Sampling from the Copula
Sampling is going the reverse of above. We can generate correlated normals through a multivariate normal distribution. We then apply the marginal CDF to each element to get correlated quantiles. We then apply the quantile function of choice to each element to get them into having marginal distributions of whatever we would like.
T-Copula
A similar copula can be performed with heavier tails using the multivariate T-distribution as we did for the Gaussian copula.
Copula Practice Problems
Generate pairs of random variables (X,Y) such that:
The marginal distribution of X is exponential with \(\lambda=1\)
The marginal distribution of Y is uniform on interval \([0,1]\)
The dependence structure between X and Y is given by a Gaussian copula coefficients \(\rho=0.7\)
Output this as a scatter plot.

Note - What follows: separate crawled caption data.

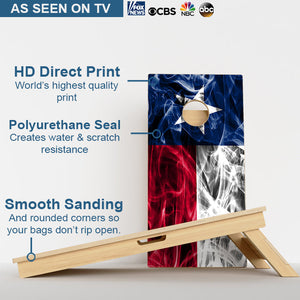 Texas Flag Professional Cornhole Boards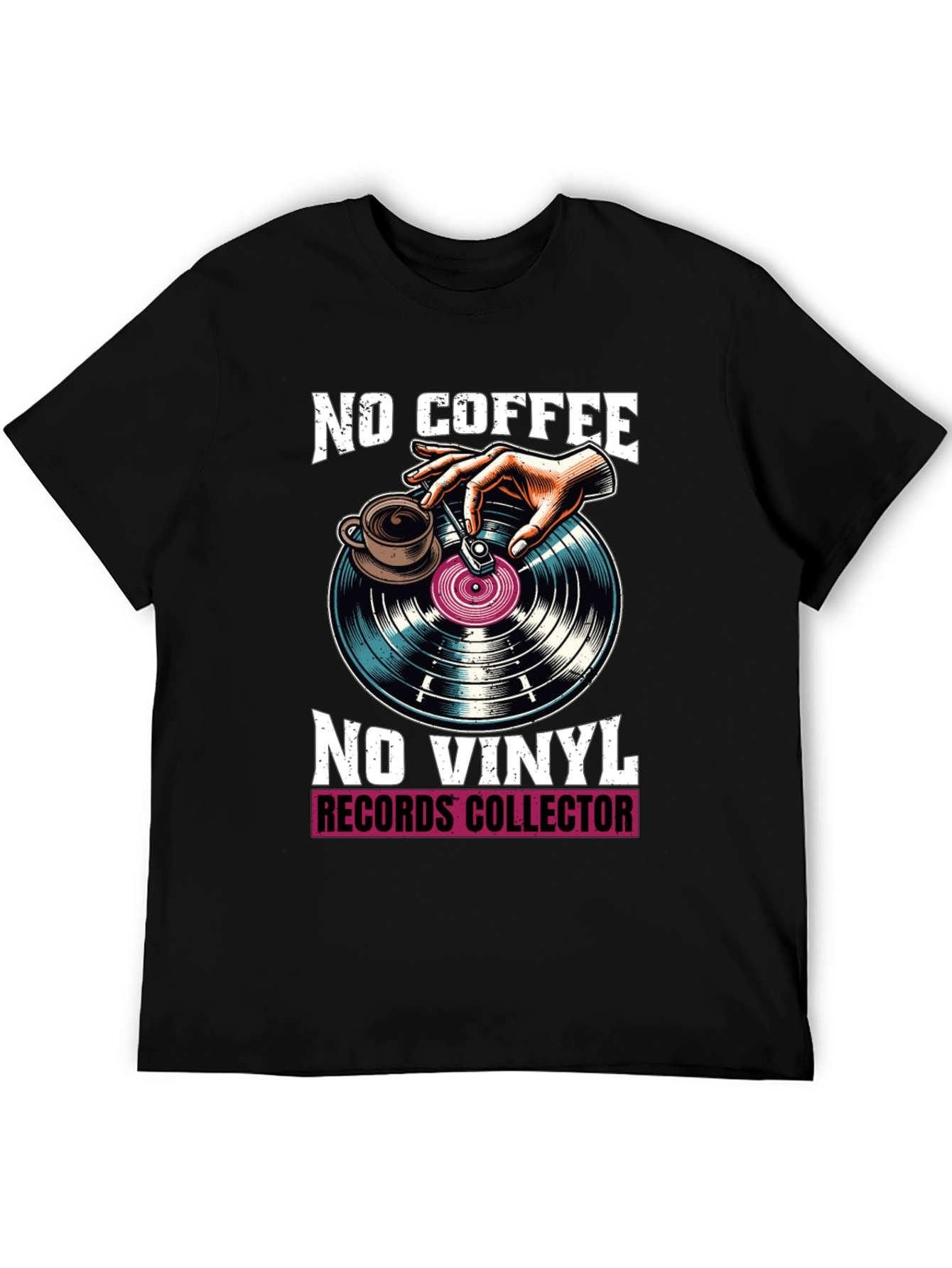 No Coffee No Vinyl Graphic Tee
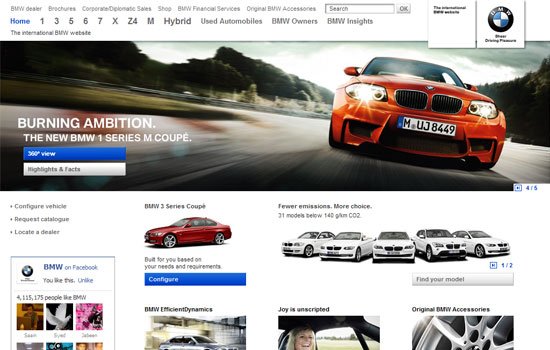 Beautiful Cars Website Design Showcase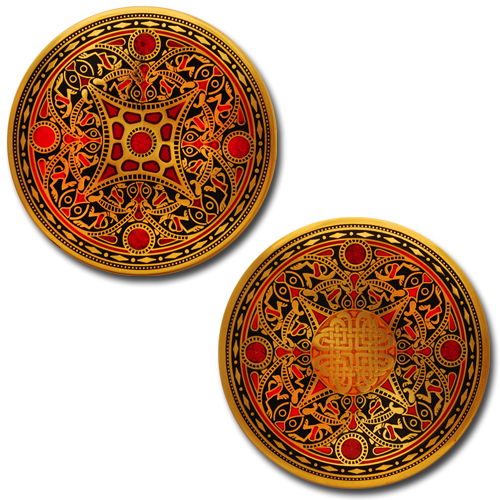 Celtic Symbols For Friendship - Celtic Circle Of Life Geocoin (500x500), Png Download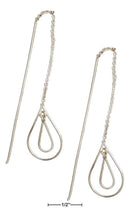 Silver Earrings Sterling Silver Double Teardrop Dangles Ear Threader Earrings JadeMoghul Inc.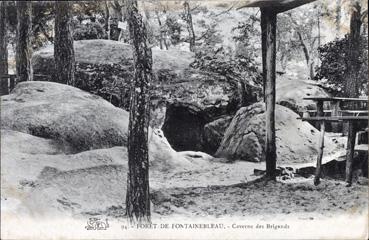 Iconographie - Forêt de Fontainebleau - Cavernes des Brigands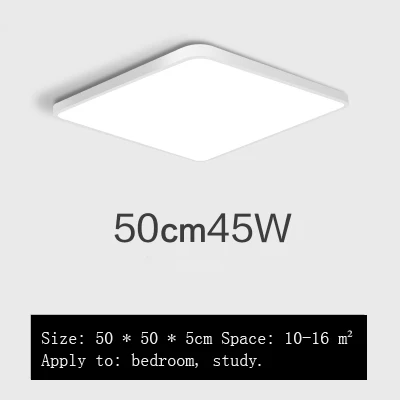 Ультра-тонкий светодиодный квадратное потолочное освещение панель лампа освещение для гостиной потолок для зала современный потолочный светильник высотой 5 см - Цвет корпуса: Зеленый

Also output histograms of each marginal.
Generate pairs of random variables (X,Y) such that:
The marginal distribution of X is exponential with \(\lambda=2\)
The marginal distribution of Y is exponential with \(\lambda=3\)
The dependence structure between X and Y is given by a Gaussian copula coefficients \(\rho=-0.3\)
Output this as a scatter plot. Also output histograms of each marginal.
Generate pairs of random variables \((X, Y)\) such that:
The marginal distribution of \(X\) is a standard normal distribution.
The marginal distribution of \(Y\) follows a Pareto distribution with shape parameter \(\alpha = 2\) and scale parameter \(x_m = 1\).
The dependence structure is defined by a Gaussian copula with correlation coefficient \(\rho = -0.5\).
Compute the sample correlation coefficient between \(X\) and \(Y\), and discuss whether it aligns with the specified dependence.
Create pairs \((X, Y)\) where:
\(X\) follows a gamma distribution with shape \(k=2\) and scale \(\theta=2\).
\(Y\) follows a logistic distribution with location \(m=0\) and scale \(s=1\).
The dependence is modeled using a Gaussian copula with correlation coefficient \(\rho = 0.3\).
Simulate 2,000 pairs and plot the histograms of \(X\) and \(Y\) to verify the marginals. Assess the dependence by calculating Kendall's tau and interpret the result.